I have read many of your excellent articles, and bought a few things off eBay from you. Anyway, my question is about ammeters and your article from 1999 titled, “Taking Charge: Electrical and Charging Tips and Tweaks to Keep Your Mopar Current”. Maybe the answer is in the article, but it is not clear to me. I will rewire my car such that the alternator goes directly to the starter relay. My question is, “Why can’t I still use my ammeter?” The modified wiring would look the same — to me — as my 1985 Ramcharger. It has a low resistance 10 AWG wire running from the alternator directly to the starter relay, and functions as a shunt. The ammeter is hooked in parallel with this circuit. No, the needle never moves much, but it is hooked up. Is there some big difference in the 1972 ammeter and the 1985 ammeter that would prevent the 1972 from functioning? Would it blow up? Oh yeah, I plan on getting a voltmeter, but I hate the thought of a (totally) dead gauge in my Rallye Dash.

 

Todd, the later (late-70’s – ’80s) ammeter is a totally different design.
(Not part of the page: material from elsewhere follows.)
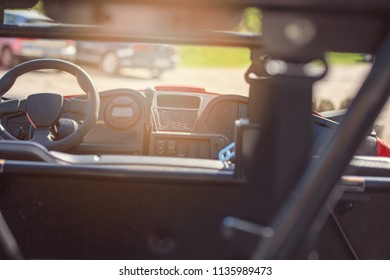 Young People On UTV Vehicles On A Countryside Trail. View From A UTV Vehicle With Man Driving An UTV On A Sunny Day.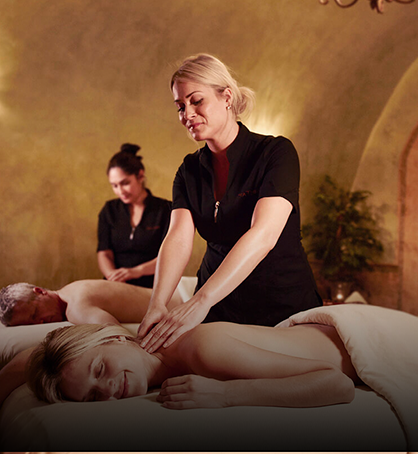 women giving a massage to hotel guest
In fact, as you discovered, the design was pretty screwed up: the meter movement was only about 1/10th as sensitive as it should have been and winds up being pretty well useless. But hooking the earlier, internal-shunt ammeter up as you’ve described would result in virtually no needle movement. Interestingly, most serious ammeters and voltmeters of the “analog” era were really just very sensitive ammeters. if you look at a lab-type panel meter that reads 0-1000 VDC or 0-100 DCA, it will usually say, in very small print somewhere, something like “FS=1mA”. Which means it’s really a one milliamp meter movement, with internal shunts and / or series resistors to get the required full scale reading accurately.

I haven’t researched this – it might be possible to re-design an earlier stock Mopar ammeter so that the internal shunt’s value is drastically increased (by a factor of, I’d guess, at least 100), or, possibly, have no shunt at all. The devil is in the details – calibrating it. You also need to be very careful with the wiring, so, if a fusible link opens, all current doesnÂ’t pass through your new ammeter. Then – yes – poof! That’s why the way to go — and the way the factory wound up going, too — is the voltmeter.